- _Entries shown_:
----

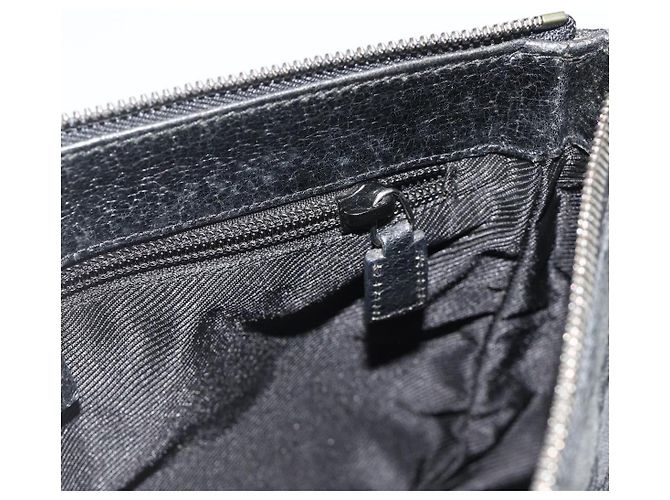 Borsa a Spalla GG Canvas Gucci Nera Argento 114273 Auth ka4091 Nero - vista 20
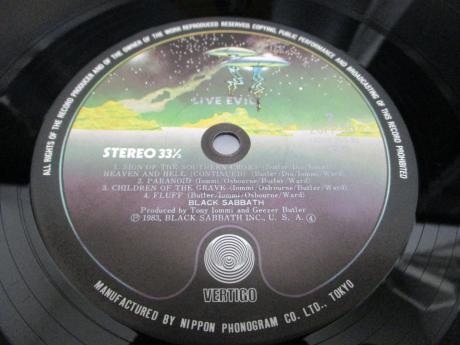 Black Sabbath Live Evil Japan Orig. 2LP OBI INSERT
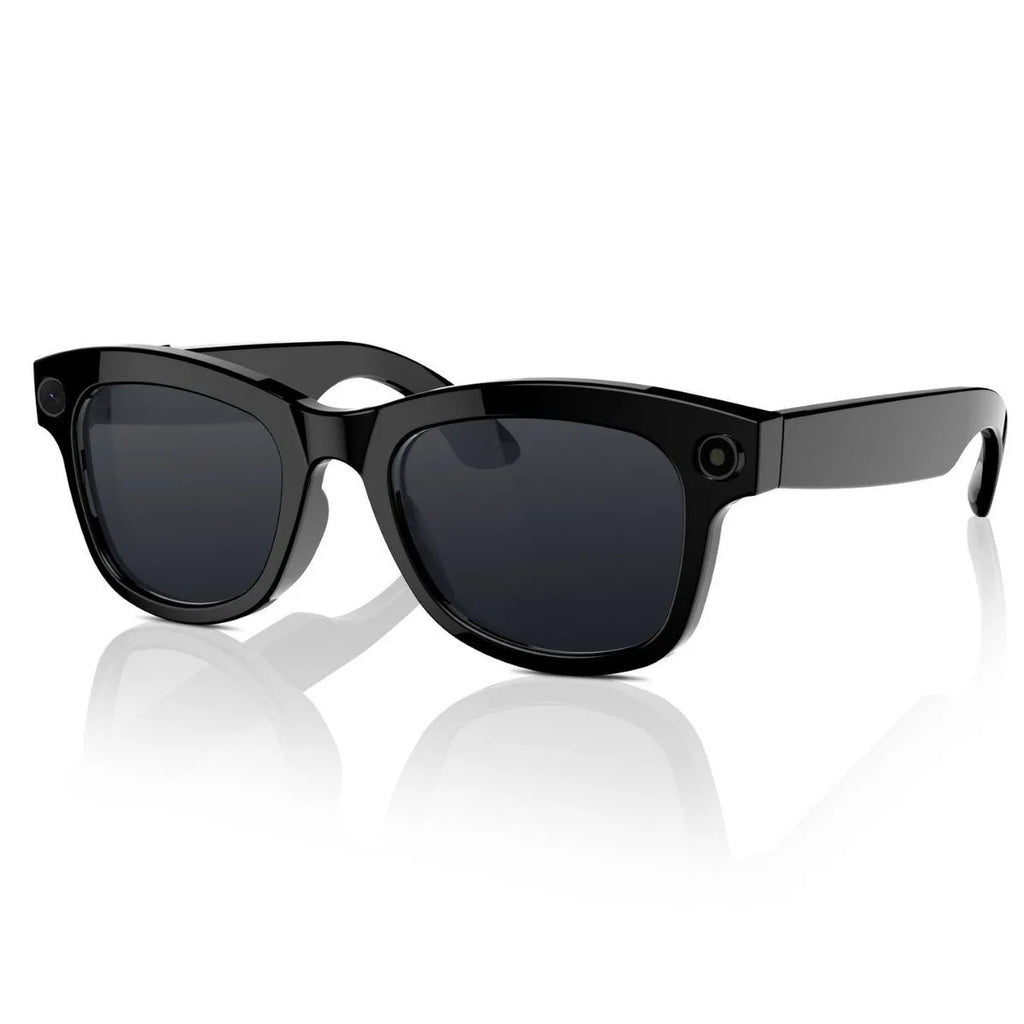 AI translation video glasses with head-mounted design featuring HD camera for real-time language interpretation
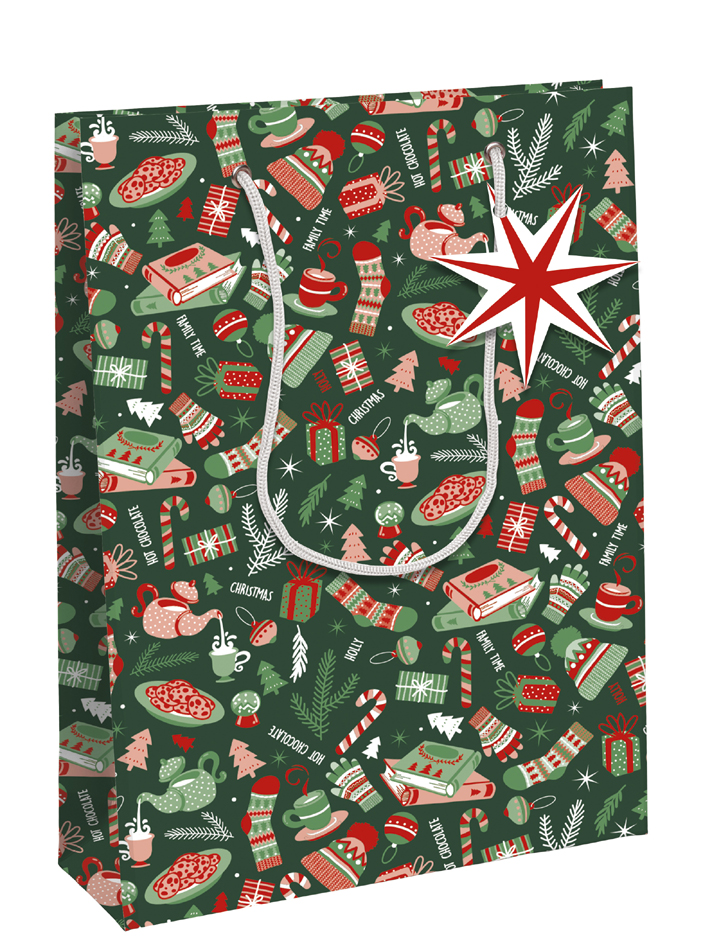 Clairefontaine Sac cadeau de Noël 'Cosy', large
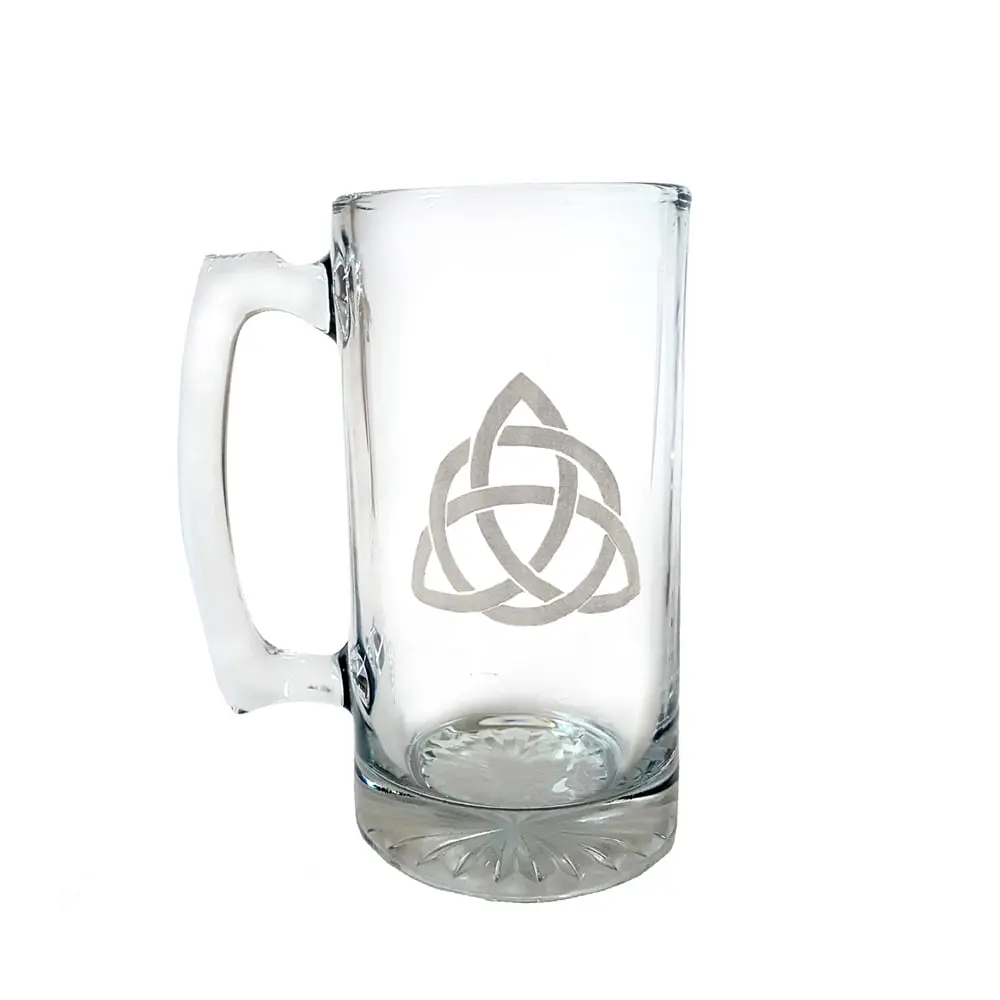 Lyoncraft LSTR01 26 oz Trinity Knot Engraved Stein Glass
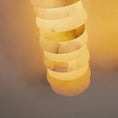 Load image into Gallery viewer, Payson Double Alabaster Wall Lamp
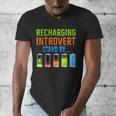 Introverted Recharging Introvert Saying Sarcasm Men's V-Neck T-Shirt Introverted Recharging Introvert Saying Sarcasm Men's V-Neck T-Shirt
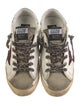 Golden Goose Leather Colorblock Pattern Sneakers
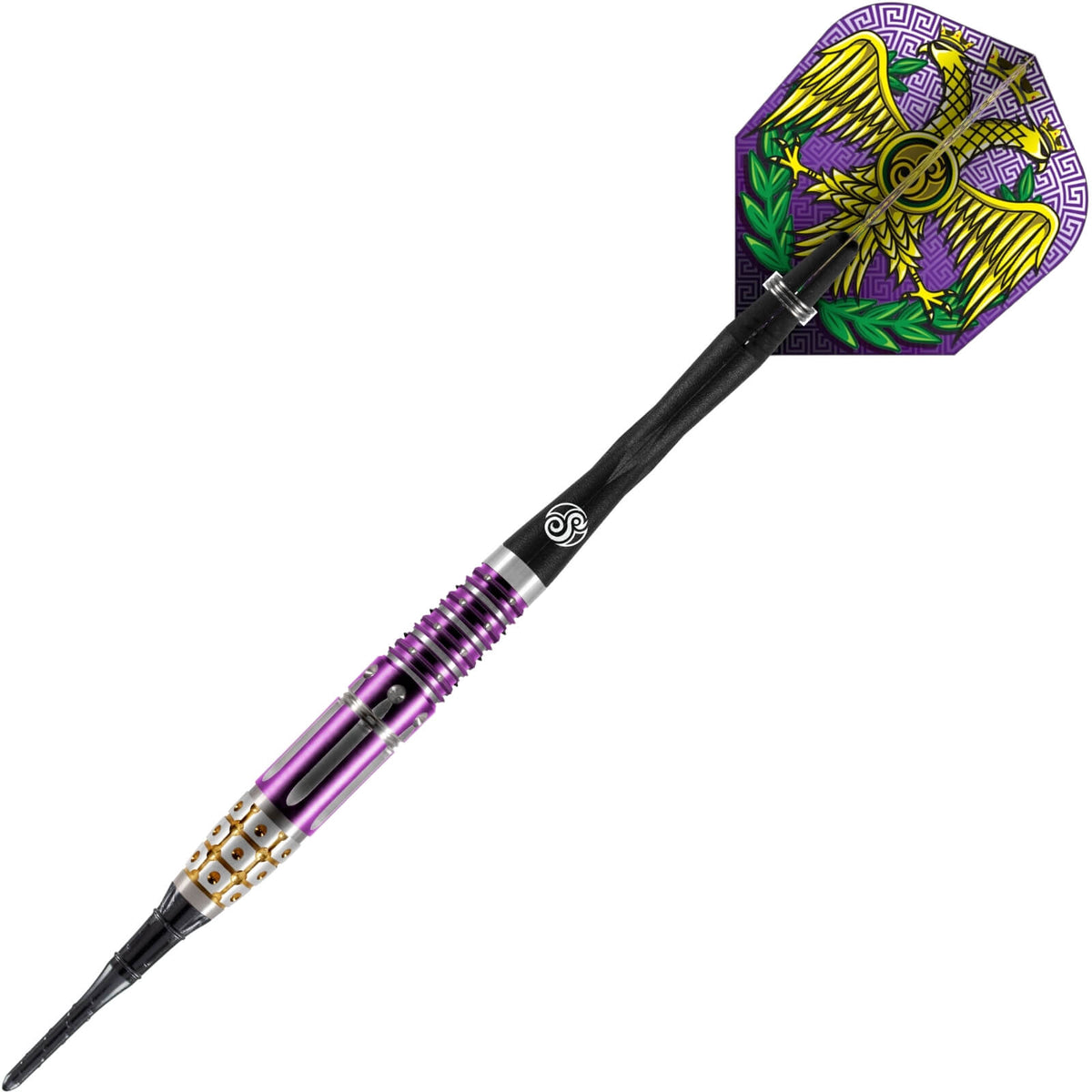 Darts - Shot - Roman Empire Caesar Darts - Soft Tip - 95% Tungsten - 18g 20g 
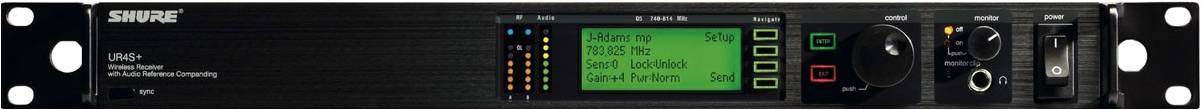 SHURE UR4S+ J5E - Приемник для радиосистемы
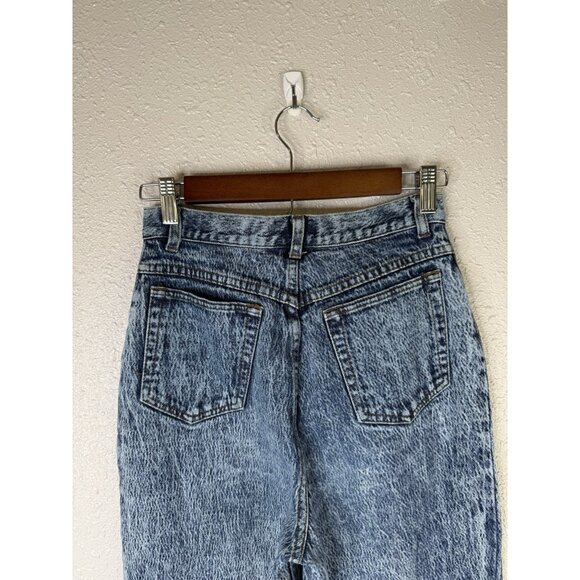 Vtg Palmetto's Acid Wash Mom Jeans 25” Waist Bow Zipper Ankle 80s Denim Retro - Picture 5 of 12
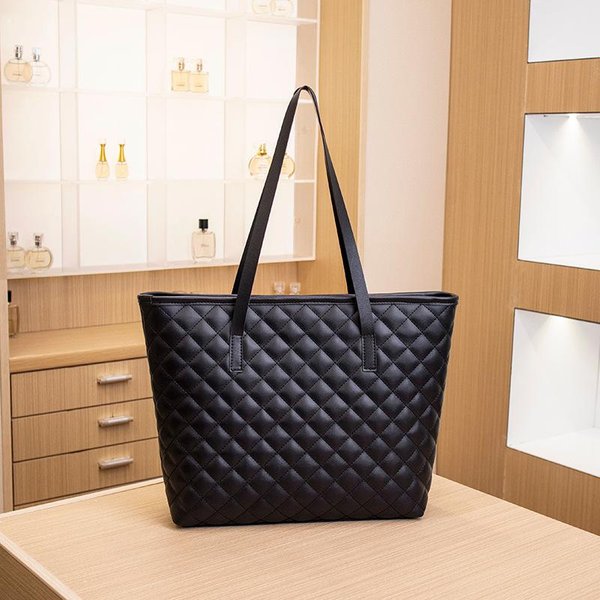 Haftowana Torba Typu Tote O DużEj PojemnośCi, Damska Torba Na Ramię, Damska Torba Typu Mommy Bag Czarny-image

----

- _Task objective_: The reply should hold only the lines running from the top of the records to the line containing "V-Neck T-Shirt Introverted", both included, copied exactly with no pictures.

- _Exercise answer_:
 Borsa a Spalla GG Canvas Gucci Nera Argento 114273 Auth ka4091 Nero - vista 20
 Black Sabbath Live Evil Japan Orig. 2LP OBI INSERT
 AI translation video glasses with head-mounted design featuring HD camera for real-time language interpretation
 Clairefontaine Sac cadeau de Noël 'Cosy', large
 Lyoncraft LSTR01 26 oz Trinity Knot Engraved Stein Glass
 Load image into Gallery viewer, Payson Double Alabaster Wall Lamp
 Introverted Recharging Introvert Saying Sarcasm Men's V-Neck T-Shirt Introverted Recharging Introvert Saying Sarcasm Men's V-Neck T-Shirt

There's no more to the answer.